__TASK PROMPT__.
Take the line containing "Apartamento à venda" and every line below it through the end of the entries, and output them verbatim, pictures excluded.

(Crawled caption data)
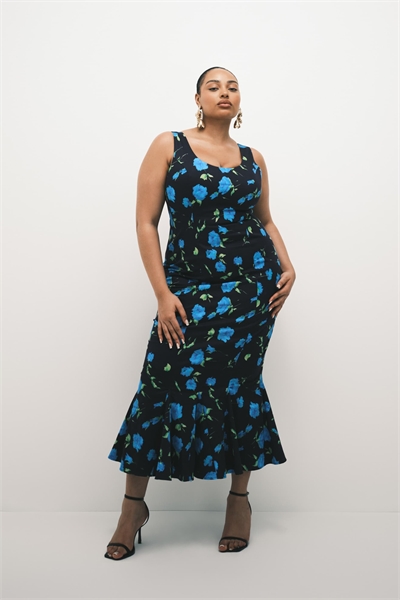 ASOS DESIGN Curve — летнее платье-миди с вырезом горловины, расклешенным низом и черным цветочным принтом артикул 154262565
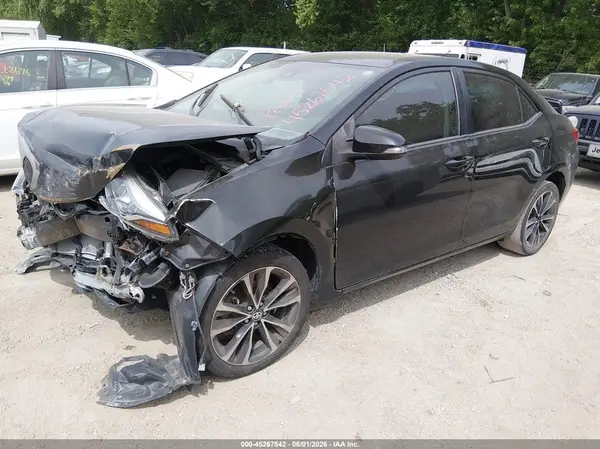 5YFBURHE5KP856565 2019 TOYOTA COROLLA - Image 2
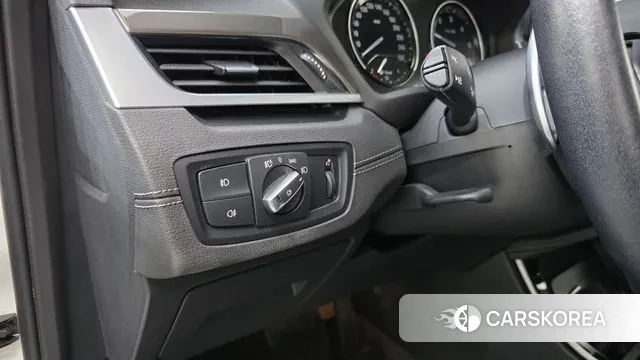 BMW X1 (F48) 2021 Белый из Кореи, фото 5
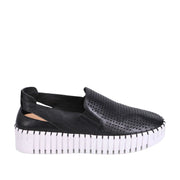 Django and Juliette Women's Bartas in Black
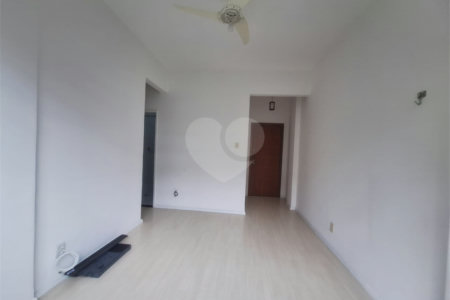 Apartamento à venda com 2 quartos, sendo 1 suíte,  em Tijuca, Rio de Janeiro, RJ
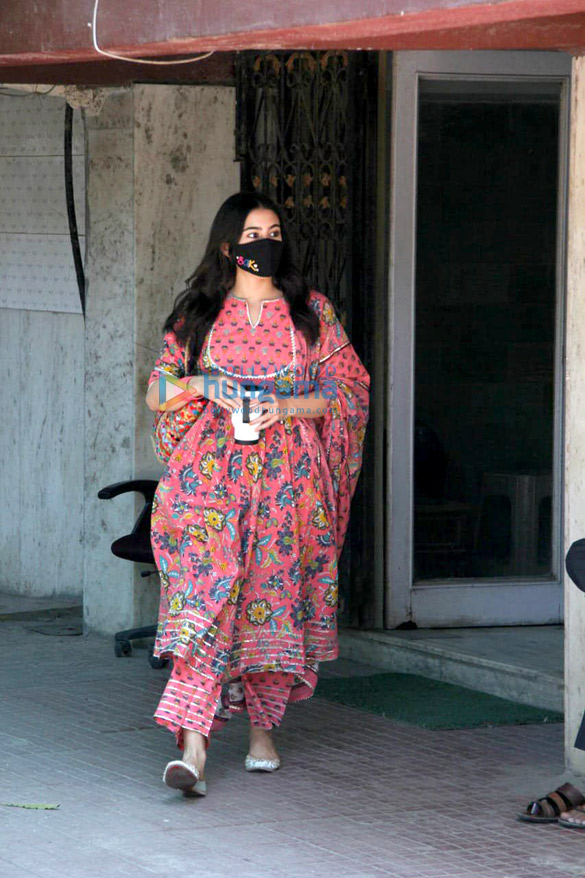photos sisters janhvi kapoor and khushi kapoor opt for athleisure wear sara ali khan wears a suit as they get spotted outside their pilates class 1
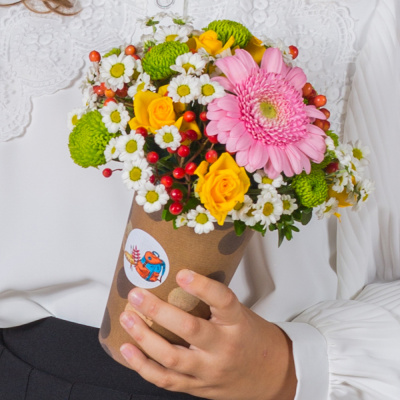 Школьный стаканчик с герберой N 38185 Школьный стаканчик с герберой N 38185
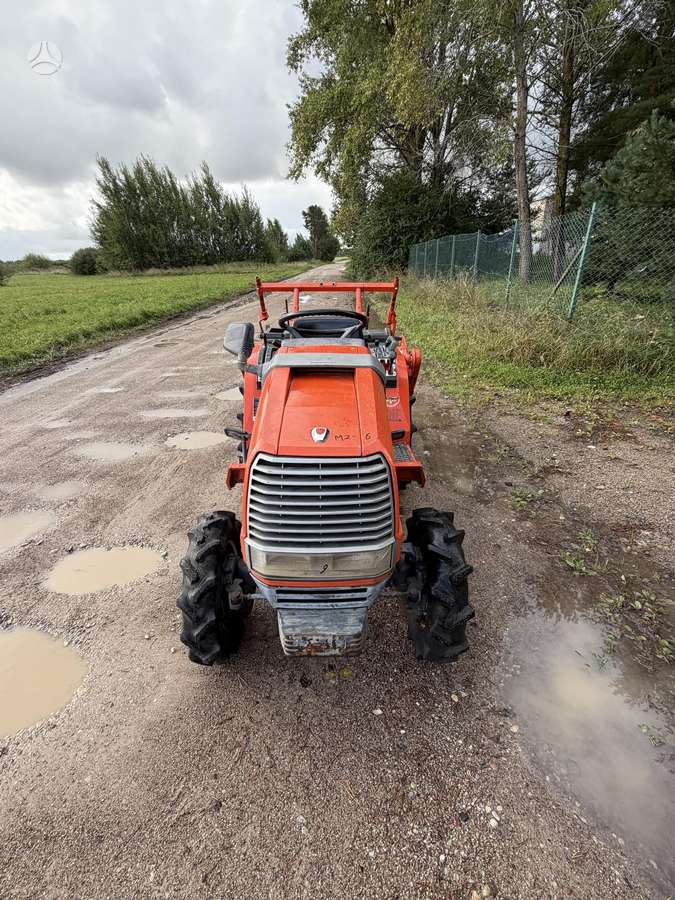 Kubota Aste A-15, tractors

__EXERCISE SOLUTION__.
 Apartamento à venda com 2 quartos, sendo 1 suíte,  em Tijuca, Rio de Janeiro, RJ
photos sisters janhvi kapoor and khushi kapoor opt for athleisure wear sara ali khan wears a suit as they get spotted outside their pilates class 1
 Школьный стаканчик с герберой N 38185 Школьный стаканчик с герберой N 38185
 Kubota Aste A-15, tractors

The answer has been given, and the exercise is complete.